The little Fanfare du Camp de Pompée is to Schmitt's two Antoine and Cléopâtre suites what Dukas's prefatory Fanfare is to his La Péri - Poème Dansé. Gorgeously recorded, the listener gets a nice sense of left-right directionality. It's by no means undiluted fanfare territory and closes in a quietly atmospheric murmur.

The 163rd Infantry Regiment March is performed in an edition prepared by Désiré Dondeyne (1921-2015) from Schmitt’s piano reduction. Sadly, the composer’s original orchestration had been lost. It's by no means a simple piece of soldiery. Schmitt poured a deal of his creativity into this basic commissioned task. Fanfaring confidence meets trilling truculence, a sturdy lyricism and a gloriously swinging stepping out. The last facet, with retrospective wisdom, fits ill with the real world slaughter of the year in which it was written.

The Hymne funèbre for wind ensemble, tenor and mixed chorus, setting words ("La Coupe et les Lèvres") of Alfred de Musset, is a tribute to dead soldiers fallen in battle. The voices and ensemble are equably balanced with the massed vocal element being pure and lambent. The tenor's part is more operatic and aspiring. The whole conveys a sense of imposing occasion and, ultimately, serene majesty. From the words of the same poet also stemmed Lili Boulanger's Pour les funérailles d'un soldat.

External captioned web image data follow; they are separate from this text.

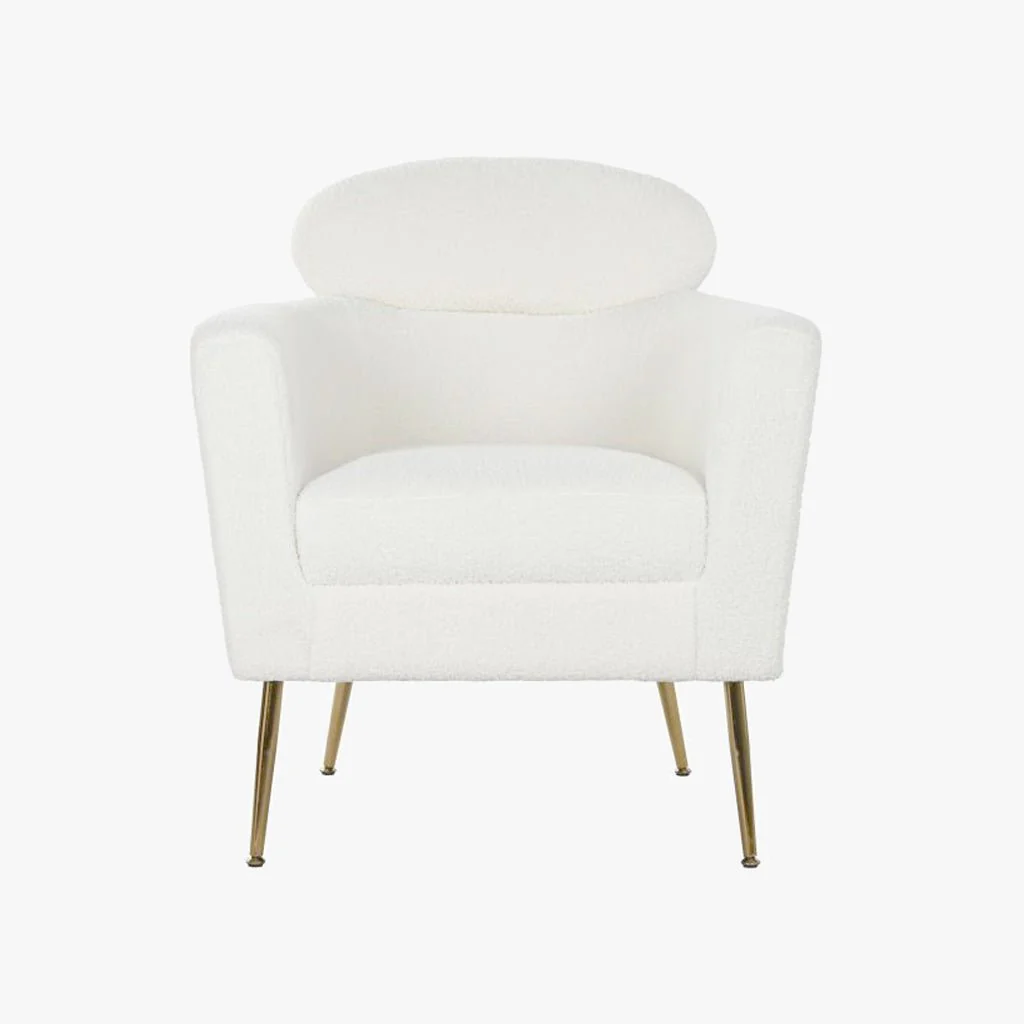 Cadeirão Com Banco Madeira 72x78x83 VERSAILLES - Image 2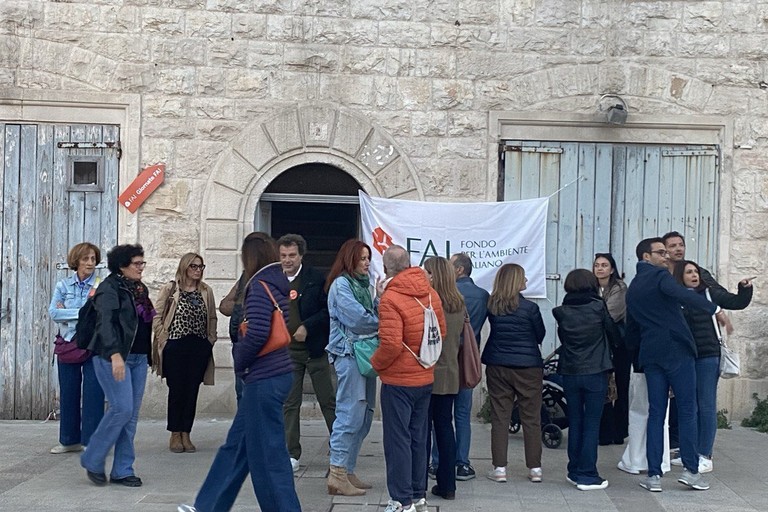 Giornate FAI d'Autunno 2025. <span>Foto Serena De Musso</span>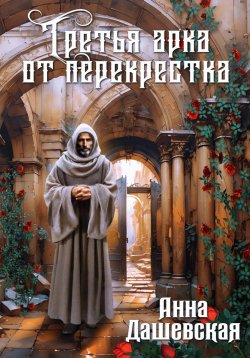 Книга "Третья арка от перекрёстка" – Анна Дашевская, 2024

This is the Schmitt Hymne's first-ever recording. The piece was revised in 1933 and the revision was premiered by La Musique de la Garde Républicaine in 1933 at the funeral of French Prime Minister, Paul Painlevé. Ferro was introduced to the Hymne by musicologist Frédéric Robert and by Dondeyne, who knew the composer personally in the 1950s and who was one of Ferro’s teachers.

Ferro has been music director of the Region-Centre Wind Ensemble since 1992 but also directed the Musique des Gardiens de la Paix in Paris from 2000 to 2008. He has had a longstanding affinity for the music of Florent Schmitt and performed as a flautist in the Quartet for Flutes and in the flute part of the Antoine et Cléopâtre music in a concert with the Paris Conservatoire Orchestra conducted by Leif Segerstam.

The booklet that comes with the disc is in French and English. It profiles the artists, the composer and each of the six works. The notes on the music are full and punctilious. Although the English creaks the meaning is clear. The sung words for the Hymne are not printed.

A small and valued treasury of otherwise little-known works for wind orchestra. The Schmitt landscape takes on a yet more lavish aspect.